The Journey of Internet Packets
Copyright © 1997 Garret Wilson
Essay for CS4323 - Dr. Letcher
In the Beginning
In the 1960's, the Advanced Research Project Agency (ARPA) of the U.S. Department of
Defense created a large wide-area network of computers, called ARPANET. Using the
TCP/IP protocol, the ARPANET. At first only used by the Department of Defense and
educational institutions, this network grew to tens of thousands of smaller networks, all
connected together. This network became known as the Internet.
In 1988, the Advanced Research Project Agency (now called DARPA) started dismantling
the ARPANET. The National Science Foundation stepped in and replaced ARPANET with their
own network, NSFNET, as the backbone of the Internet. As recently as the spring of
1995, several commercial long-distance carriers and other commercial entities instituted
their own backbones.
Through all of these changes, the Internet has continued to add more users —
slowly at first, and very rapid in the past few years. Today, the Internet connects
millions of computers around the world, all using TCP/IP for a common protocol. All of
these computers rely on the Domain Name System, or DNS, to find other computers on
this vast network.
Everyone's Just a Number
Computers work with numbers. Specifically, most computers use the binary system, a way
of counting in which each digit is either a one or a zero. Each of these digits is
referred to as a bit. The TCP/IP protocol specifies that messages between computers
on the Internet must be composed of small entities called packets. These packets of
information are passed from computer to computer until they arrive at their specified
destination. TCP/IP further specifies that each packet must be encoded with, among other
things, the Internet Protocol (IP) address of the destination computer.
In general, a unique IP address is assigned to each computer connected to the Internet.
The current version of IP uses a string of 32 bits (each either a one or a zero) to
identify each computer. These 32 bits represent a single number that is between zero and
about four billion. Due to the way humans remember information, the most popular way of
identifying each of these numbers is to divide the string of bits that represent the
number into four octets, or sections having eight bits apiece. This makes each IP
address slightly easier to remember. These octets are interpreted as separate numbers
themselves, separated by periods. In other words, an IP address of
00001111011110000000101001011010 is usually separated into four parts and represented as
15.120.10.90.
Where Everybody Knows Your Name
Humans find such abstract numbers very difficult to remember, and even separating each
long number into four smaller numbers doesn't help much. In order to make these IP
addresses easier to remember, and to impose a certain amount of order on computer
identification on the Internet, names were assigned to computers. These names were in a
way cosmetic -- the Internet still used TCP/IP, which needed an IP address to find another
computer and communicate using packets. A way of finding a computer's IP address from
a given name was needed.
In 1984, Paul Mockapetris, from USC's Information Sciences Institute, devised what
we now refer to as the Domain Name System, or DNS. DNS specifies a system of naming
computers, and how one computer can use another computer's name to find the
latter's IP address. Internet standards are recorded in what are referred to as
"Request for Comments" documents, or RFCs, and Paul Mockapetric first released
the DNS specification in RFCs 882 and 883. These were superseded by RFCs 1034 and 1035,
which define the current specifications for DNS on the Internet. Other RFCs, such as RFCs
1535, 1536, and 1537, which describe problems with DNS security, implementation, and
administration, respectively, have since been released.
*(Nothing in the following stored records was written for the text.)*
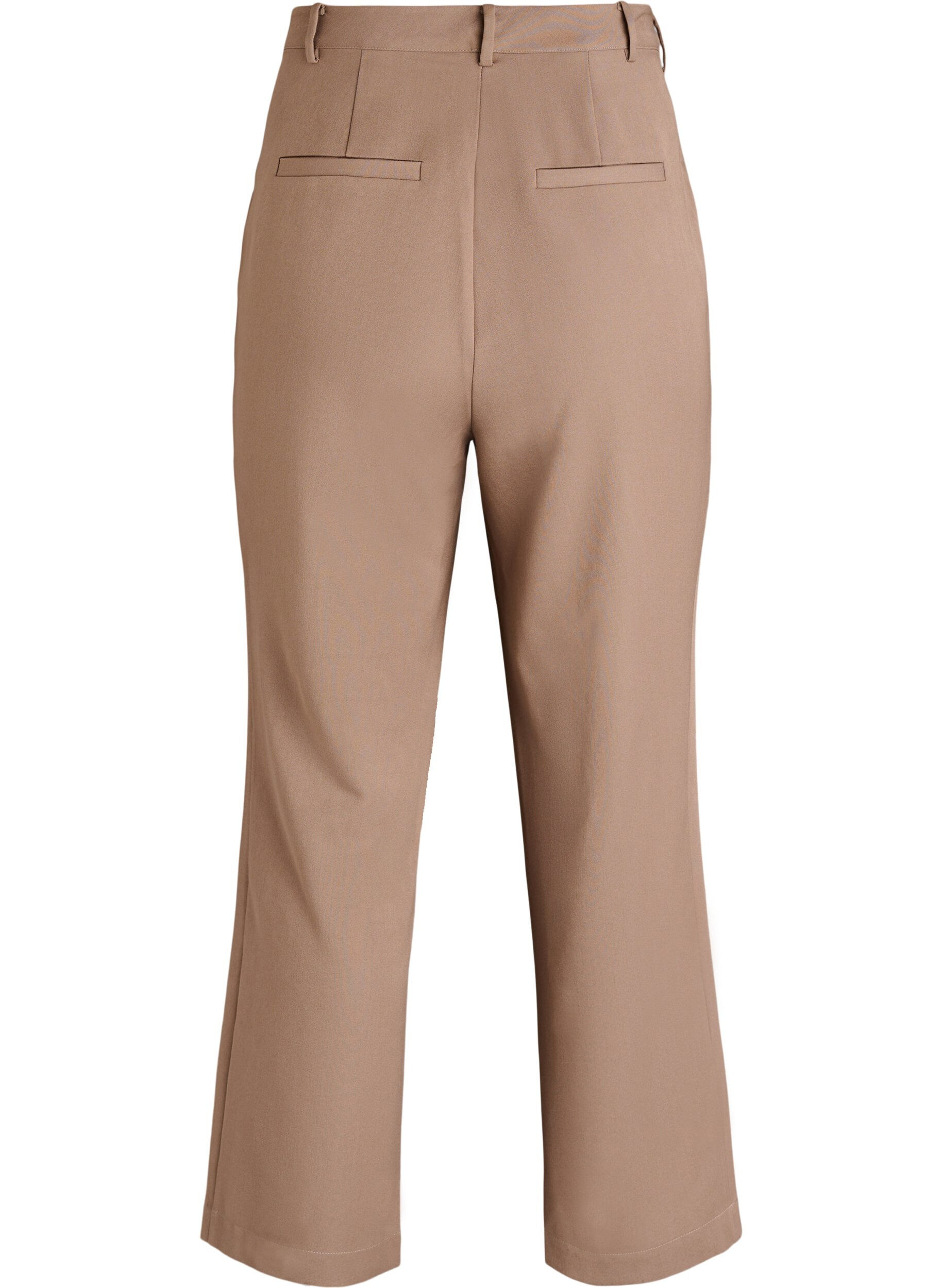 Zizzifashion High-waisted tailored trousers with straight legs, Brown, Packshot image number 1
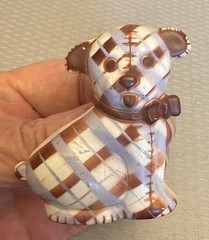Art Deco Vintage Celluloid Gingham Dog Brooch brown and tan plaid pattern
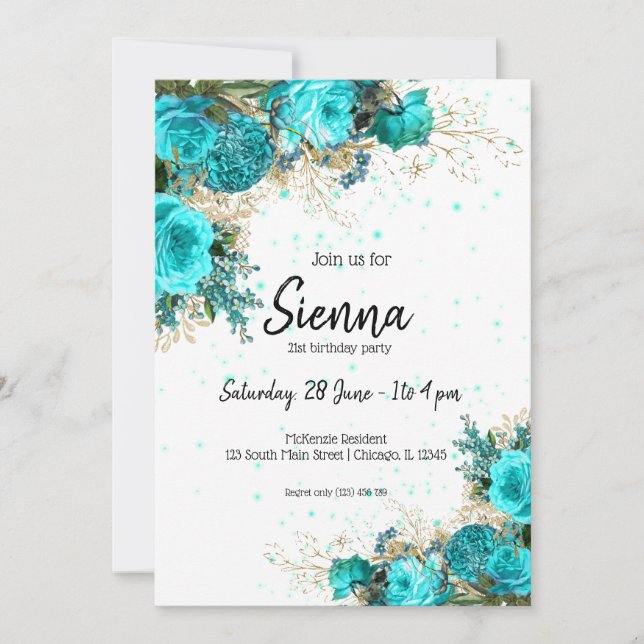 Modern Glam Chic Flowers for all occasions Invitation (Front)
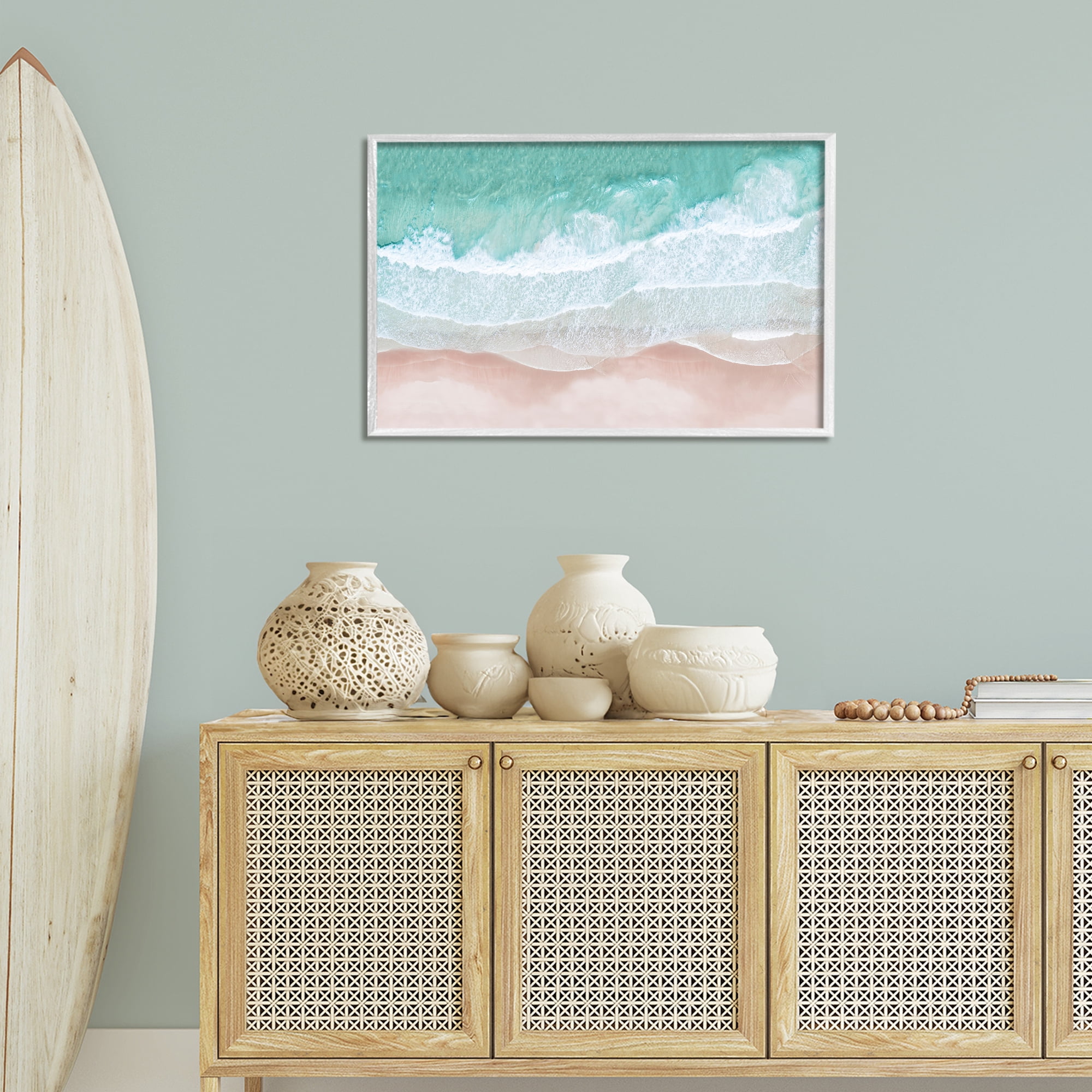 Stupell Industries Aerial Sea View Coastal Painting White Framed Art Print Wall Art, 30 x 20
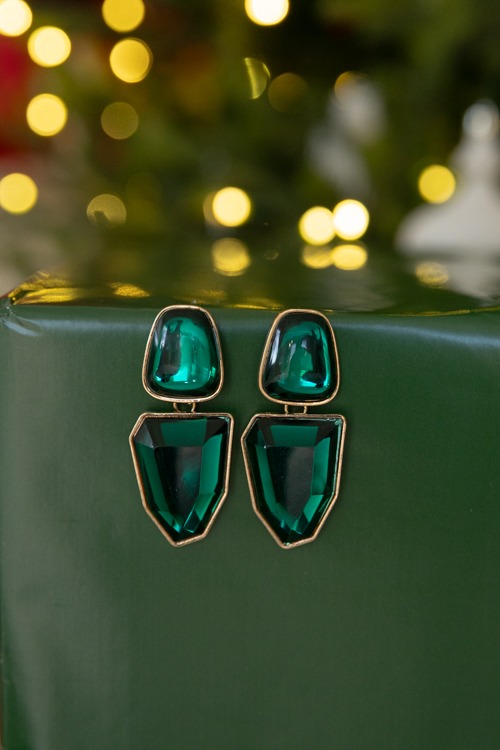 Linked Stone Earring, Green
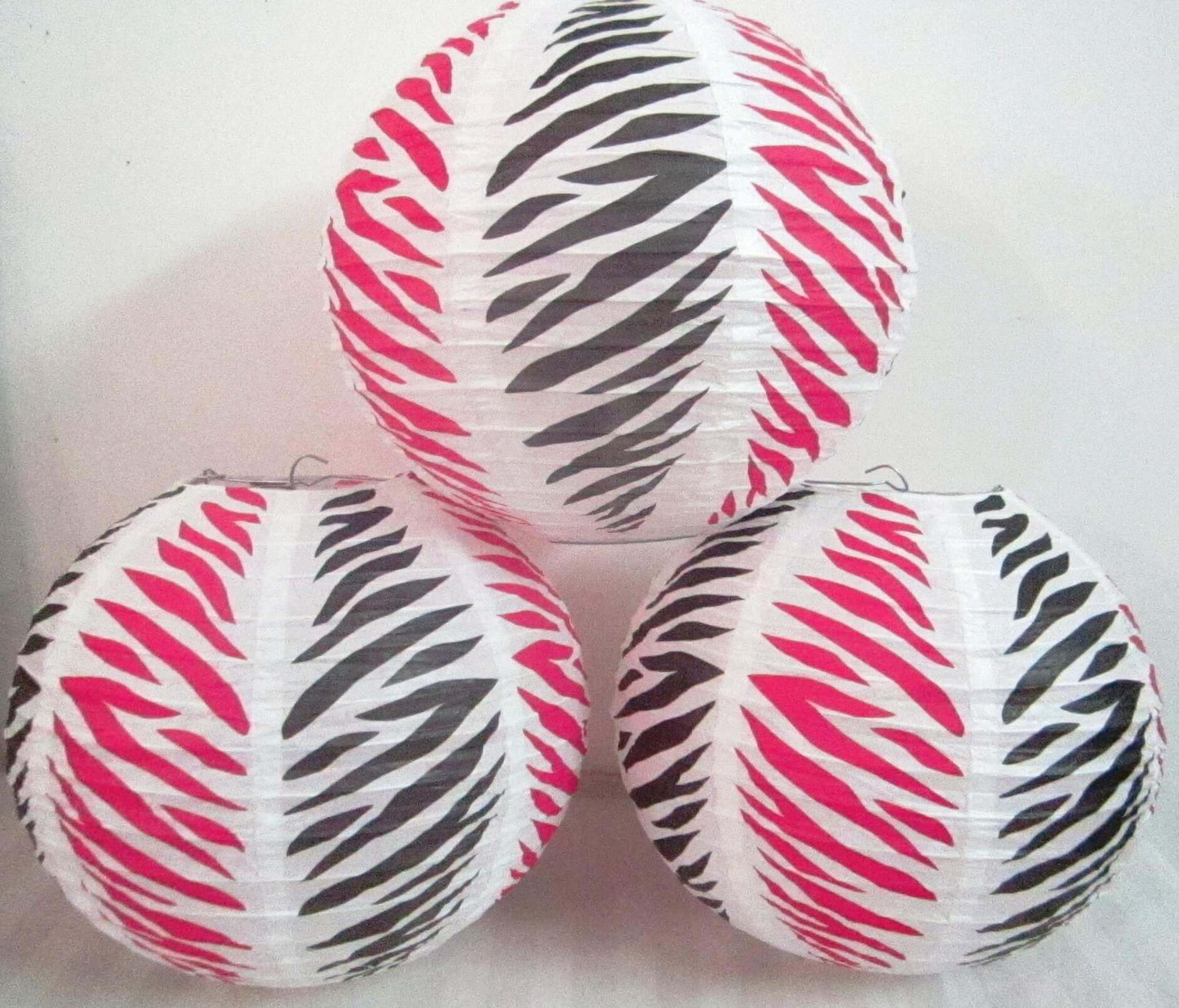 Pink &amp; Black Zebra Print Round Lantern 10" - 3CT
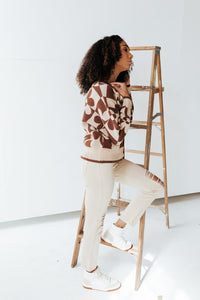 Brown Flower Cardigan Sweater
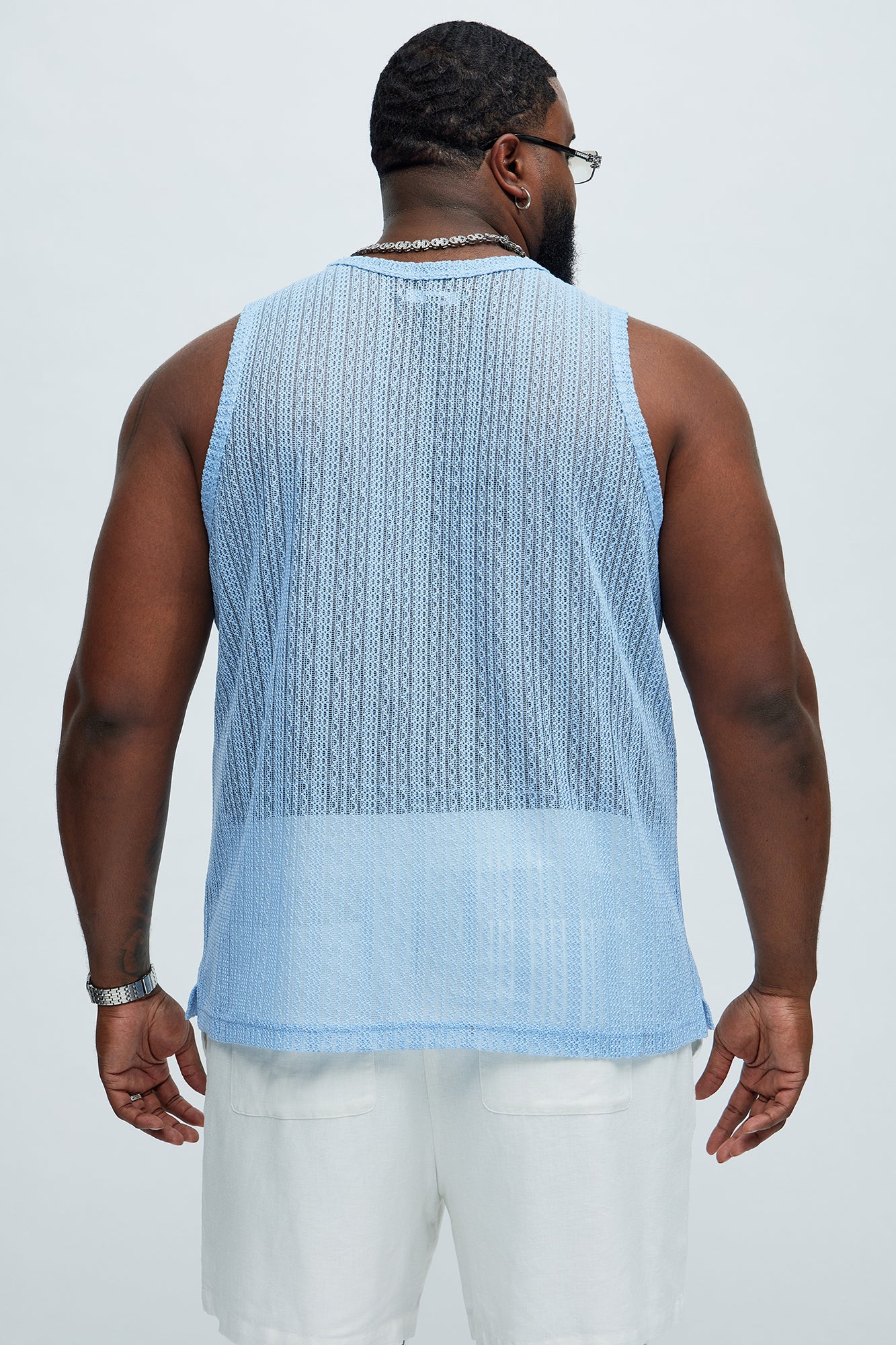 Brannen Textured Relaxed Tank - Light Blue - Image 8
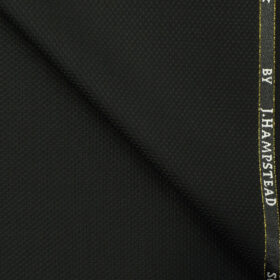 J.Hampstead Men's Wool Structured Super 100's 3.75 Meter Unstitched Suiting Fabric (Black)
DNS describes a distributed system of Name Servers, or systems which return information
about domains. Each name server either knows the IP addresses of the machines in its
domain, or knows another name server who has information on a particular sub-domain. There
several root name servers which are authoritative for the root domains. For example, there
is a domain server that is responsible for all domains ending with ".com". This
name server does not have the IP address of every machine whose name ends in
".com", of course. However, this name server will know which other name server
is responsible for a subdomain of ".com"
Carrying this example further, to find the IP address of
"winnie.corp.hp.com", the root domain server for ".com" may return an
address to another name server which is responsible for the domain "hp.com".
This name server may know all the IP addresses of "corp.hp.com," or it may in
turn return the address of another name server which is responsible for the subdomain of
"corp.hp.com." Eventually, a name server is reached which actually has the IP
address for the specific name.
Actually Making the Journey
Once an IP address has been determined, the packet still to make the actual trip from
the machine which created it to the destination machine. To navigate the Internet, with
its millions of nodes, the packet must travel through many intermediate machines before it
reaches its destination. Some of these machines include routers, which are network
nodes which forward packets around the network, bridges, which are network nodes
that connect two or more networks that use the same protocol, and gateways, which
are in essence bridges that connect two or more networks that use different protocols.
The basic premise behind routing is simple: when a packet arrives at a certain router
on the network, that machine examines the header of the packet and decides where to send
it. If the address corresponds to the machine address, the packet is kept at that machine
and passed up to the higher-level protocols to be processed. If the destination address
does not correspond to that machine's address, the packet is forwarded to another
machine. That machine can be to the destination node or a gateway or bridge, if the packet
is meant to be delivered to a machine not on the local network.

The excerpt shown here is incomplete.